For example if we wanted to test our Slack webhook, use the following Flux:

import "slack"
numericalValue = 42

slack.message(
  url: "https://hooks.slack.com/services/####/####/####",
  text: "This is a message from the Flux slack.message() function the value is ${numericalValue}.",
)

Create a custom function to handle conditional query logic

Next, we’ll create a custom function to send a slack message if the number of events exceeds our threshold. We must create a custom function to encapsulate the conditional query logic because you cannot include conditional logic outside of a function with Flux.

alert = (eventValue, threshold) =>
   (if eventValue >= threshold then slack.message(
       url: "https://hooks.slack.com/services/####/####/####",
       text: "An alert event has occurred! The number of field values= \"${string(v: eventValue)}\".",
       color: "warning",
   ) else 0)

Our custom function is called alert. It takes two parameters:

eventValue:the number of events that happened in the last hour as configured by the task.every option.
threshold: the our threshold value of the number of acceptable events within the last hour.

We use conditional logic to specify that if the number of events exceeds the threshold then we should call the slack.message() function and send a notification message to Slack. Then we call the slack.message() function and pass in our Webhook URL and our notification message into the url and text parameters, respectively. We interpolate the eventValue parameter of our custom function and include it in the message.

Querying our data

Finally we must query our data to calculate the number of events that happened from the last time the task ran. We store the results in the variable, data. We filter our data and use the sum() function to find the total number of events within the task.every duration.

data = from(bucket: "bucket1")  
   |> range(start: -task.every, stop: now())
   |> filter(fn: (r) =>
       (r._measurement == "measurement1" and r._field == "field1" and exists r._value))
   |> sum()

We must also construct a dummy table, data_0, to handle the instance where no events have occurred in the last hour, so that we can successfully pass a value into our custom alert() function. We use the array.from() function to construct the table with a single _value column and a single value of 0.
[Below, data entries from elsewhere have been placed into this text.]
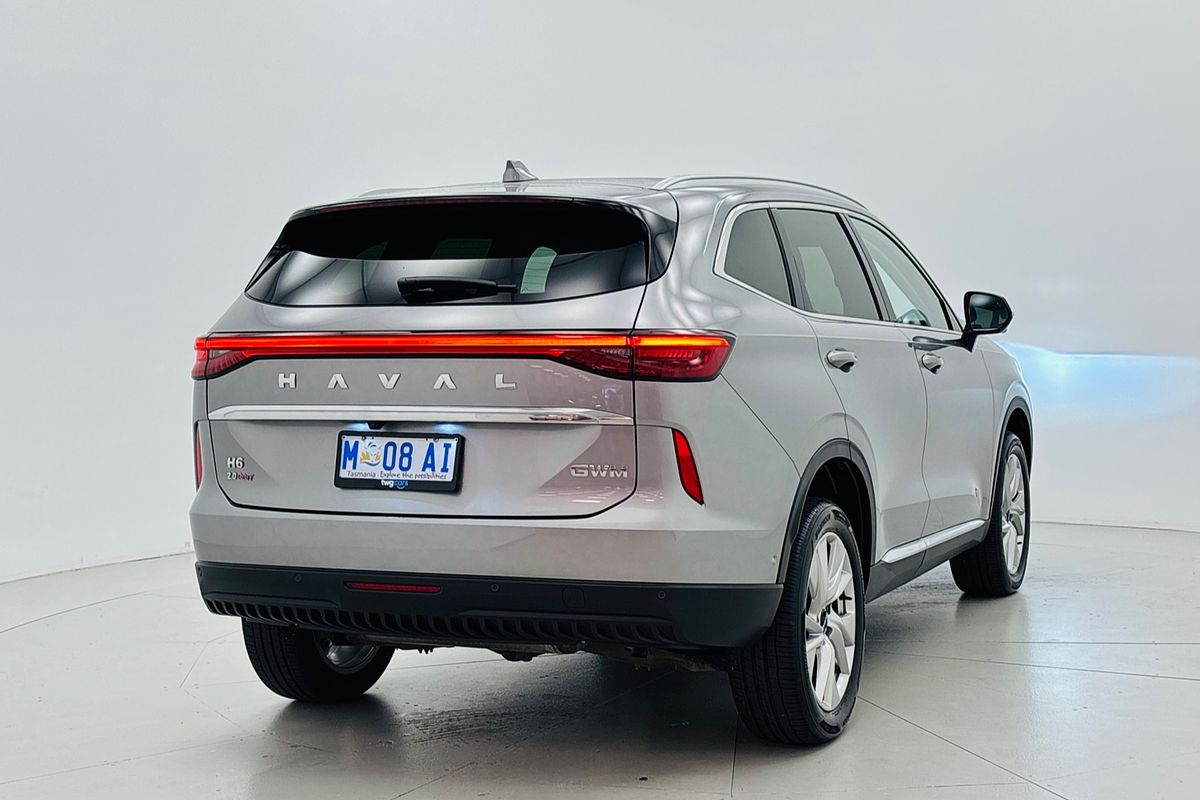 2024 Haval H6 Ultra Auto 4x2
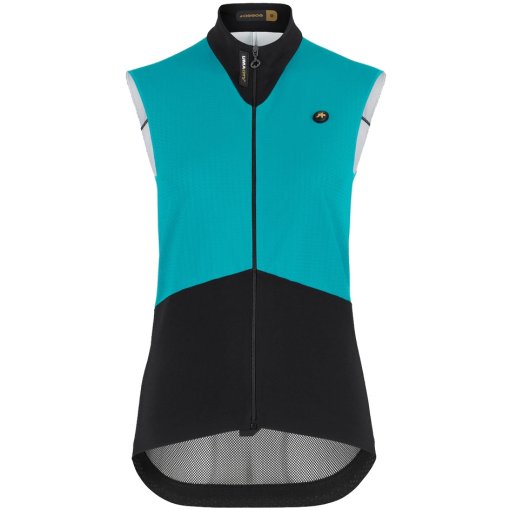 Immagine prodotto da Assos Gilet Donna - UMA GTV Primavera Autunno C2 - turquoise green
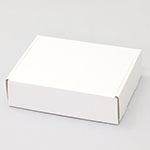 インターホン・テレビドアホン梱包用ダンボール箱 | 314×241×90mmでN式額縁タイプの箱 1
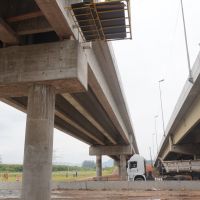 Obras na Antônio Heil com 101 entram na reta final e podem ser liberadas antes do verão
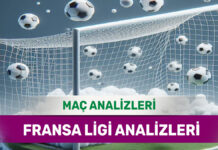 4 Ekim 2025 Cumartesi Fransa ligi yorumlu maç analizleri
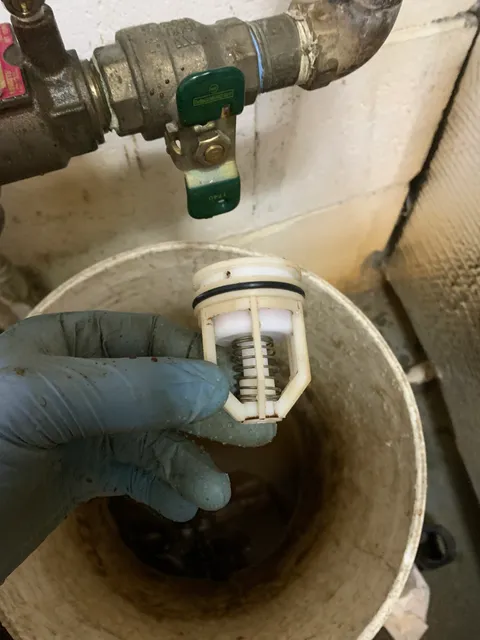 work photo from Google listing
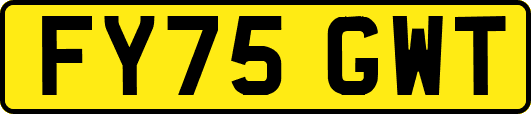 FY75GWT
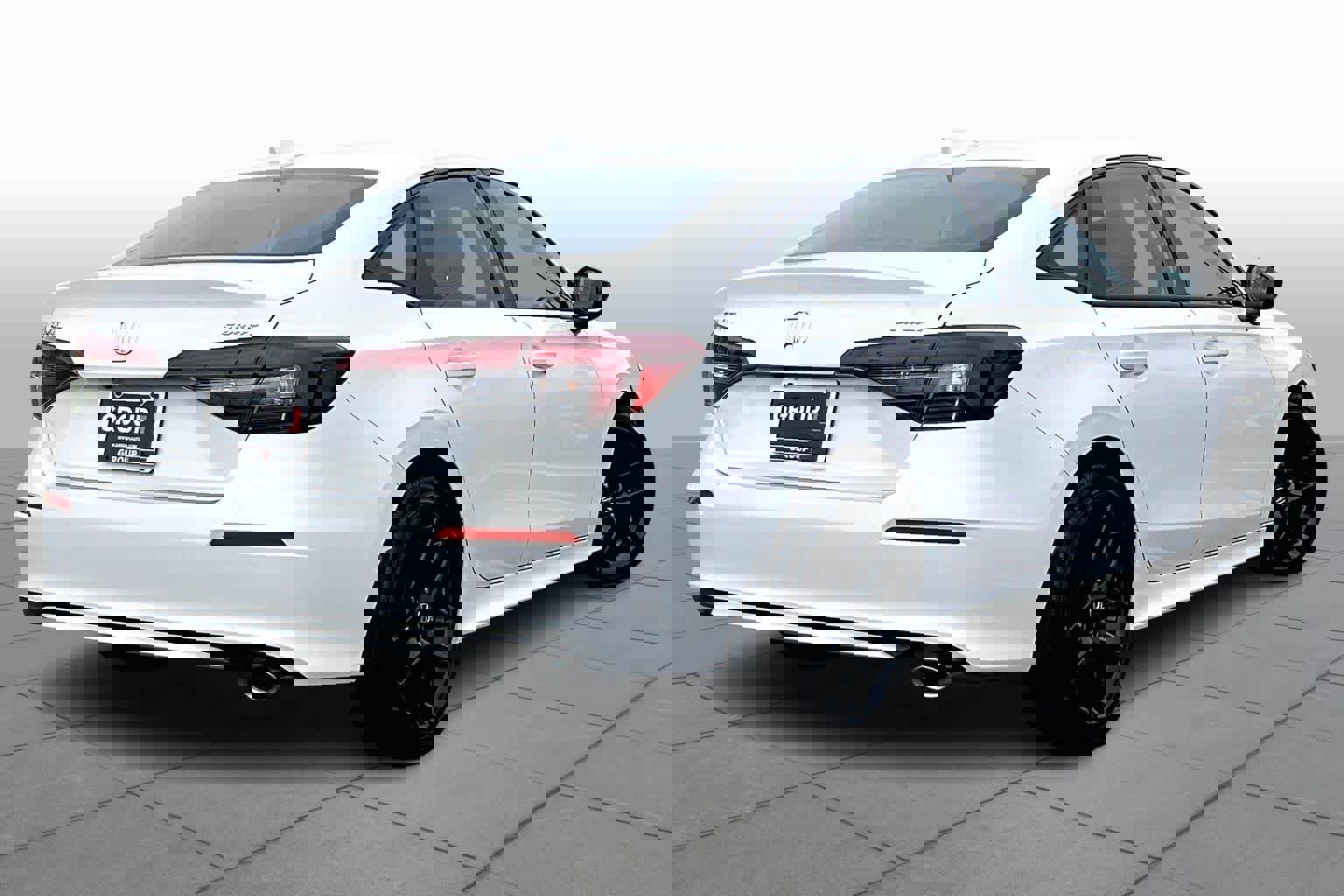 Used 2025 Honda Civic Sport image 13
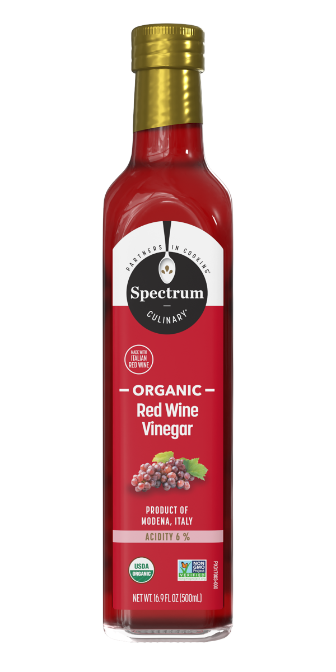 Organic Red Wine Vinegar 16.9oz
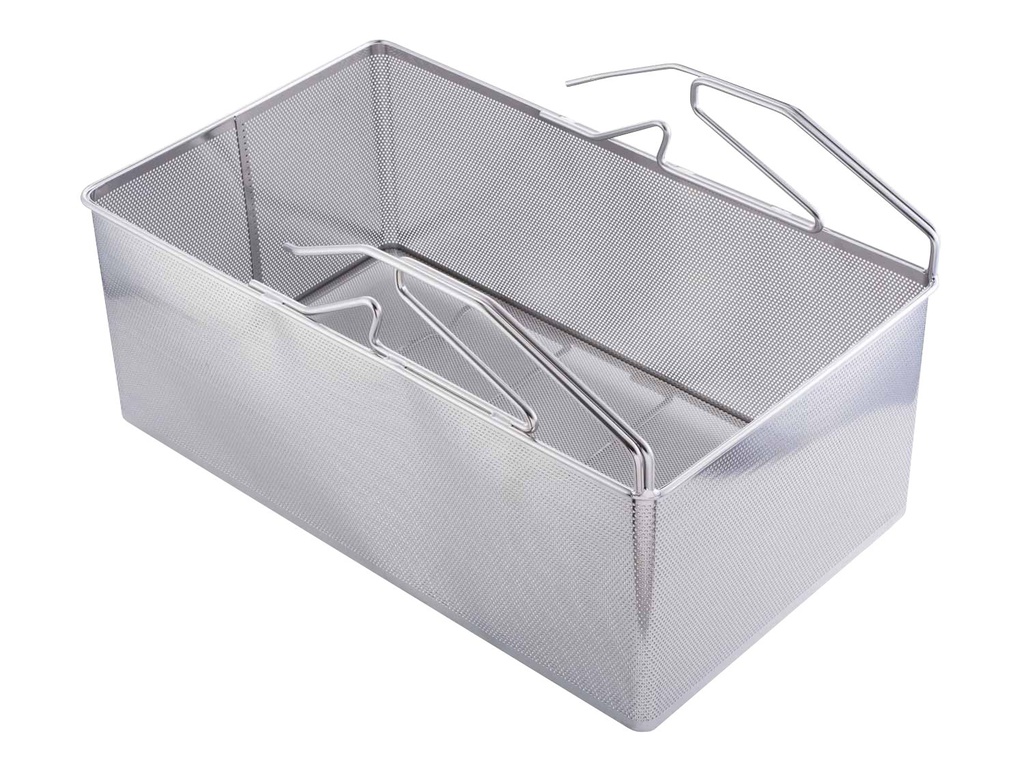 Pasta- &amp; Gemüsekorb Rational iVario L, XL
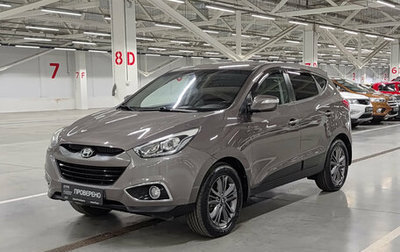 Hyundai ix35 I рестайлинг, 2014 год, 1 371 000 рублей, 1 фотография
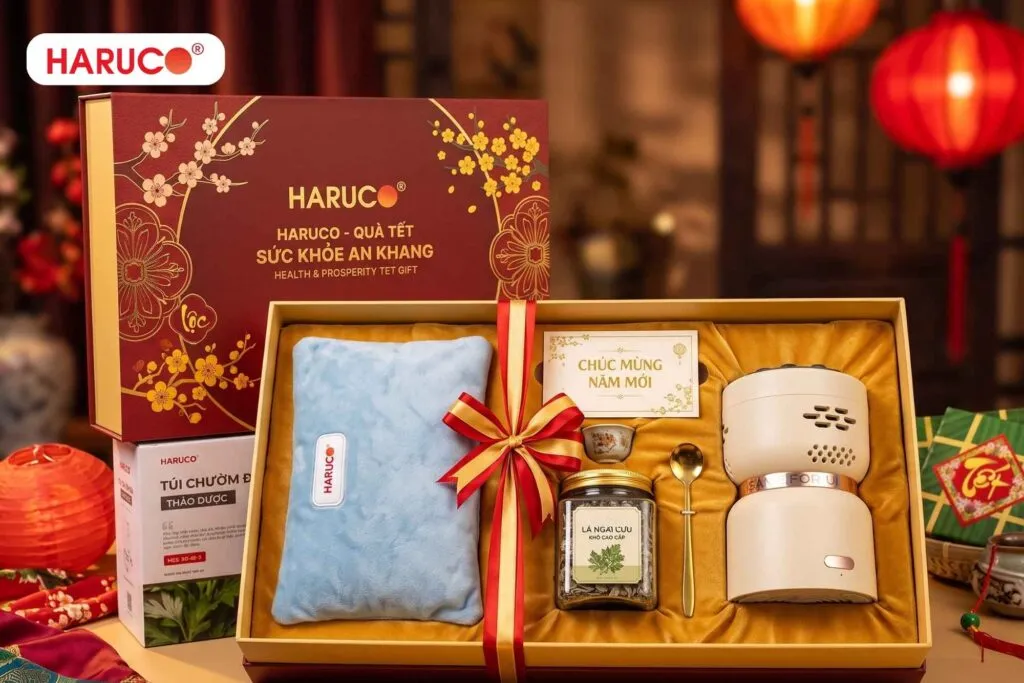 Dịch vụ quà tết doanh nghiệp cho nhân viên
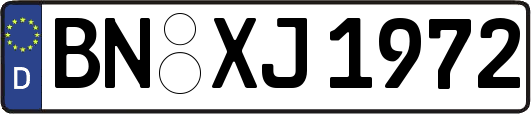 BN-XJ1972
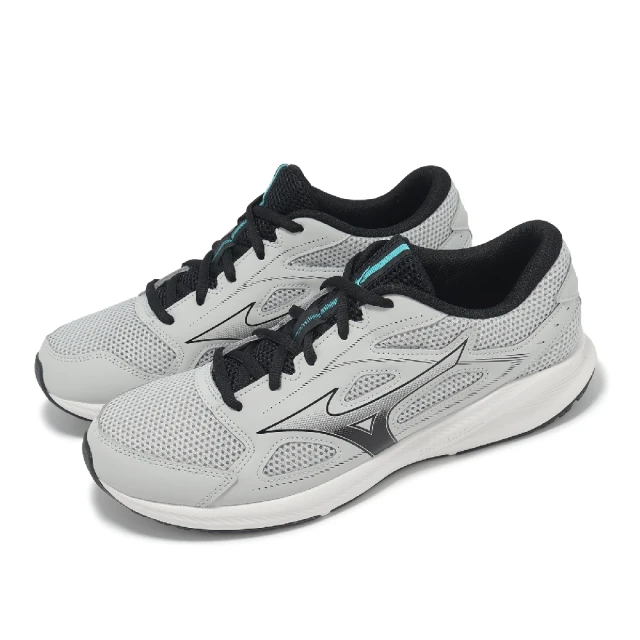 MIZUNO 美津濃 慢跑鞋 男鞋 運動鞋 緩震 一般型 R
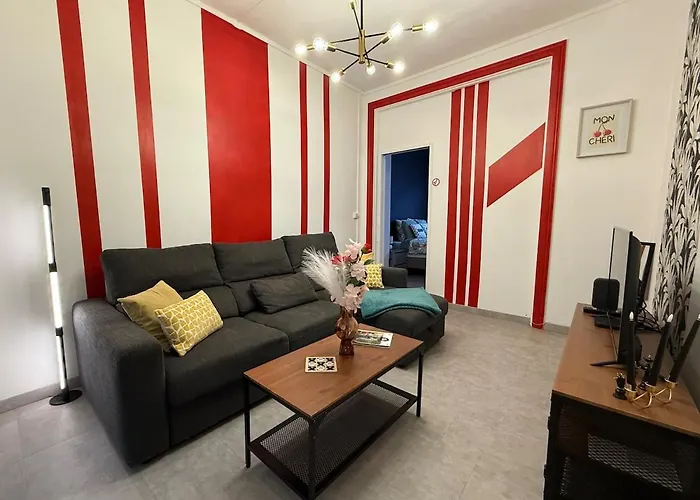 Apartament Le Coconning - 2 Pers - Valenciennes Marly  zdjęcie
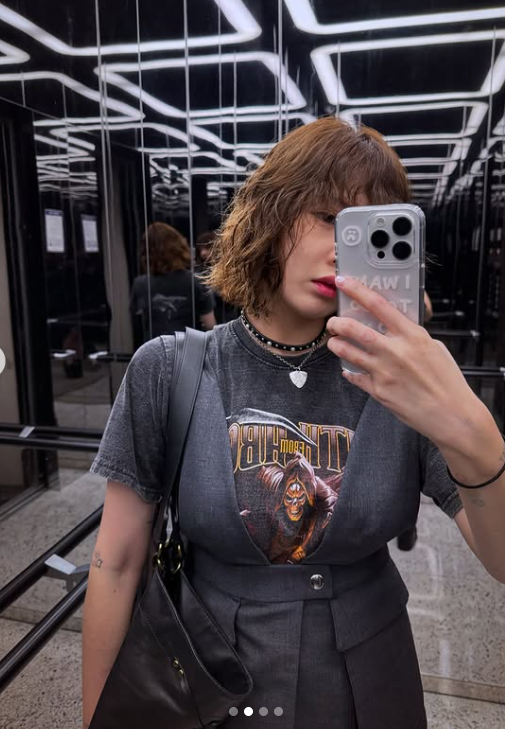 Vivid Glam 短髮造型模擬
data_0 = array.from(rows: [{_value: 0}])

Next we union the two tables together, group them together, and sum the values of the two tables together. Since the value of the data_0 table is 0 the value of the _value column of the events table will be either:

0 when no events have occurred or when our data table returns no results
0 + n when n events have occurred or when our data table return results

We use the findRecord() function to extract the number of events from the _value column. We must yield our dummy table because Flux tasks have a requirement: you must invoke streaming data. If you would like the Flux team to prioritize lifting this requirement please comment on this issue #3726.

events = union(tables: [data_0, data])
   |> group()
   |> sum()
   |> findRecord(fn: (key) =>
       (true), idx: 0)
eventTotal = events._value

data_0
   |> yield(name: "ignore")
alert(eventValue: eventTotal, threshold: 1)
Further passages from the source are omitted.